Two lines are coplanar if they lie in the same plane. This is true whether the lines intersect or are parallel.

Condition for Coplanarity

For two lines to be coplanar, the vector connecting a point on one line to a point on the other line must be coplanar with the direction vectors of the two lines. The condition for coplanarity can be expressed using the scalar triple product:

$$ \begin{vmatrix} a_1 & b_1 & c_1 \ a_2 & b_2 & c_2 \ x_2 - x_1 & y_2 - y_1 & z_2 - z_1 \end{vmatrix} = 0 $$

If the scalar triple product is zero, the lines are coplanar.

Plane Containing Two Lines

If two lines are coplanar, there is a unique plane that contains both lines. The equation of the plane can be found using a point from one of the lines and the cross product of the direction vectors of the two lines.

Equation of the Plane

Let's denote the cross product of the direction vectors of $L_1$ and $L_2$ as $\vec{n} = \vec{d_1} \times \vec{d_2}$, where $\vec{d_1} = \langle a_1, b_1, c_1 \rangle$ and $\vec{d_2} = \langle a_2, b_2, c_2 \rangle$. The equation of the plane containing the two lines is:

$$ \vec{n} \cdot (\vec{r} - \vec{r_0}) = 0 $$

where $\vec{r} = \langle x, y, z \rangle$ is a general point on the plane, and $\vec{r_0} = \langle x_1, y_1, z_1 \rangle$ is a point on one of the lines (for example, $L_1$).

Table of Differences and Important Points

Property	Intersecting Lines	Coplanar Lines	Plane Containing Lines
Definition	Cross at a single point	Lie in the same plane	A flat surface containing both lines
Condition	Existence of parameters $t_1$ and $t_2$	Scalar triple product is zero	Cross product of direction vectors
Equation	Solve system of equations for $t_1$ and $t_2$	$\begin{vmatrix} a_1 & b_1 & c_1 \ a_2 & b_2 & c_2 \ x_2 - x_1 & y_2 - y_1 & z_2 - z_1 \end{vmatrix} = 0$	$\vec{n} \cdot (\vec{r} - \vec{r_0}) = 0$

Examples

Example 1: Intersecting Lines

Consider two lines:

$$ L_1: \frac{x - 1}{2} = \frac{y + 1}{3} = \frac{z - 2}{4}, \quad L_2: \frac{x - 3}{-1} = \frac{y - 2}{5} = \frac{z + 1}{2} $$

To find if they intersect, we solve the system of equations for $t_1$ and $t_2$. If a solution exists, the lines intersect.

Example 2: Coplanar Lines

For the same lines $L_1$ and $L_2$, we check the scalar triple product:

$$ \begin{vmatrix} 2 & 3 & 4 \ -1 & 5 & 2 \ 3 - 1 & 2 + 1 & 1 - 2 \end{vmatrix} = 0 $$

If this determinant is zero, the lines are coplanar.

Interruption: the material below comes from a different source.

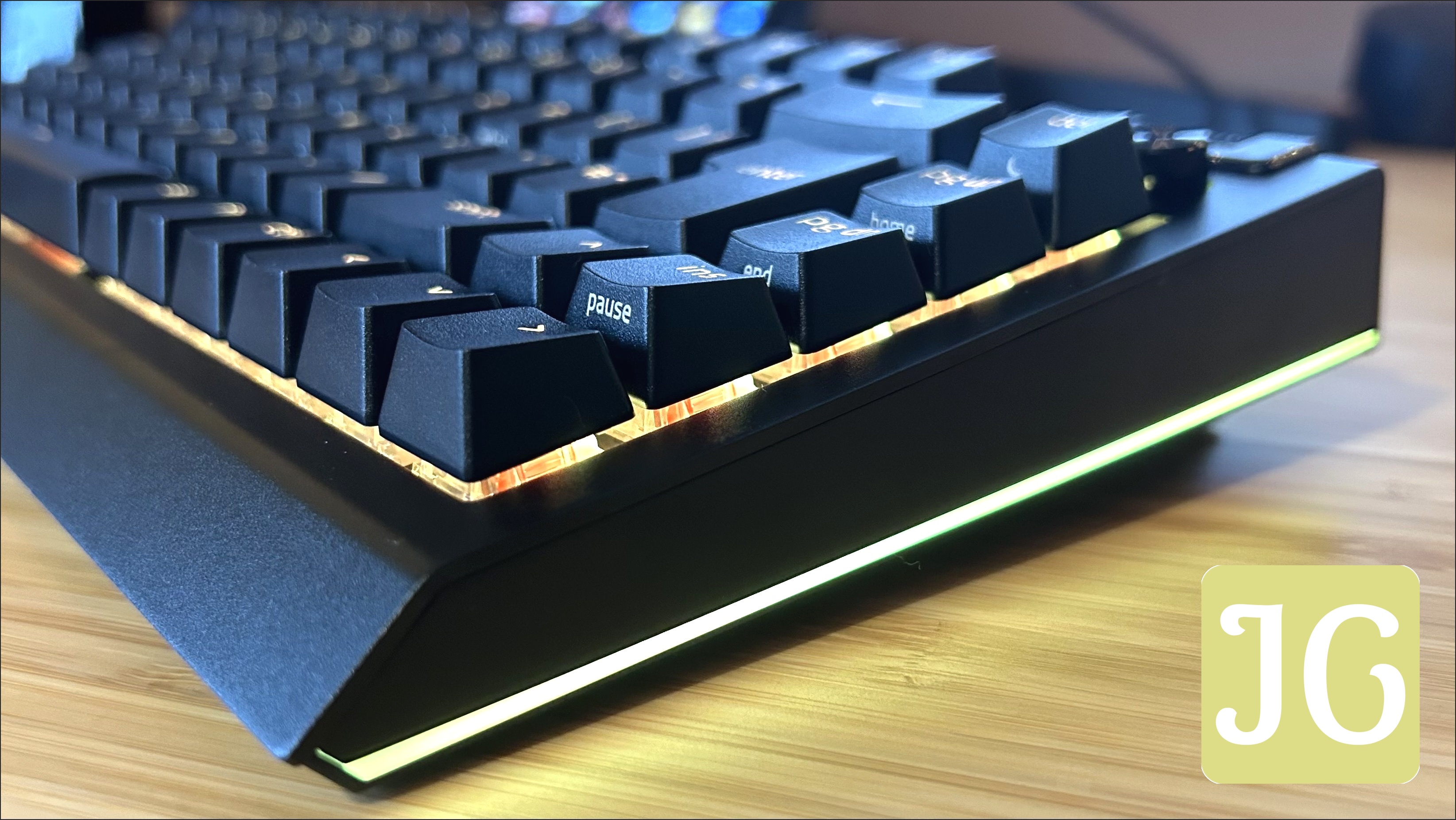 A close-up view of the luminous RGB light strip running along the side of a Razer BlackWidow V4 75% keyboard, highlighting its immersive lighting effects.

Example 3: Plane Containing Lines

If $L_1$ and $L_2$ are coplanar, we find the cross product of their direction vectors:

$$ \vec{n} = \begin{vmatrix} \mathbf{i} & \mathbf{j} & \mathbf{k} \ 2 & 3 & 4 \ -1 & 5 & 2 \end{vmatrix} $$

Using a point from $L_1$, say $(1, -1, 2)$, we can write the equation of the plane:

$$ \vec{n} \cdot (x - 1, y + 1, z - 2) = 0 $$

This equation represents the plane containing both $L_1$ and $L_2$.